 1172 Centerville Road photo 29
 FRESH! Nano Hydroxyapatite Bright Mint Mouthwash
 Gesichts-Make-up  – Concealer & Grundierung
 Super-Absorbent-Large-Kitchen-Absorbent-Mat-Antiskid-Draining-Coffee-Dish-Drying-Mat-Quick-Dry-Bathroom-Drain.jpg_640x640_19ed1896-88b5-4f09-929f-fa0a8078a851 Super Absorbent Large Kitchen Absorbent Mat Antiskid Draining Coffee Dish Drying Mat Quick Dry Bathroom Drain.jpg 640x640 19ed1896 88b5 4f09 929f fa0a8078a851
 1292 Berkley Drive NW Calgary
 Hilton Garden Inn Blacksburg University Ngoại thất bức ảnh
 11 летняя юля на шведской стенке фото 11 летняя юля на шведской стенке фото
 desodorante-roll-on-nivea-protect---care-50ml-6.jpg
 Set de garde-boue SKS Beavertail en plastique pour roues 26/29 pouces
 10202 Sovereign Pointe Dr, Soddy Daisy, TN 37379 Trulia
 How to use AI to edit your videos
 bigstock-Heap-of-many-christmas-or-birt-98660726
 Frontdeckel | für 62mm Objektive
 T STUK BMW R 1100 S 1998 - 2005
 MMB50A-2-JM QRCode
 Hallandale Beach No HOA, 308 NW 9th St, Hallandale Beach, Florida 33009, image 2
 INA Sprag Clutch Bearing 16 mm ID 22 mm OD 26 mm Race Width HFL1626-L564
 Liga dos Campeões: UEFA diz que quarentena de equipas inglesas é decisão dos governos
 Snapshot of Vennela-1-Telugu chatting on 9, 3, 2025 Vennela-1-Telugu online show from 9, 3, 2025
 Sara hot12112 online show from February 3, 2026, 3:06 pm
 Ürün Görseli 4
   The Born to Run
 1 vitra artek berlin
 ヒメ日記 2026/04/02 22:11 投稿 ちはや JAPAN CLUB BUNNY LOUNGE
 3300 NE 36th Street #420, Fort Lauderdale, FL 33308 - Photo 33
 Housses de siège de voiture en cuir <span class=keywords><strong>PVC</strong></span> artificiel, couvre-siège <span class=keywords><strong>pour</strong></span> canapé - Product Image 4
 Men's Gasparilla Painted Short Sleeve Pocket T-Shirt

TASK STATEMENT>
Search the entries for "from" and show every line that has it.

RESULT OF THE TASK>
 Snapshot of Vennela-1-Telugu chatting on 9, 3, 2025 Vennela-1-Telugu online show from 9, 3, 2025
 Sara hot12112 online show from February 3, 2026, 3:06 pm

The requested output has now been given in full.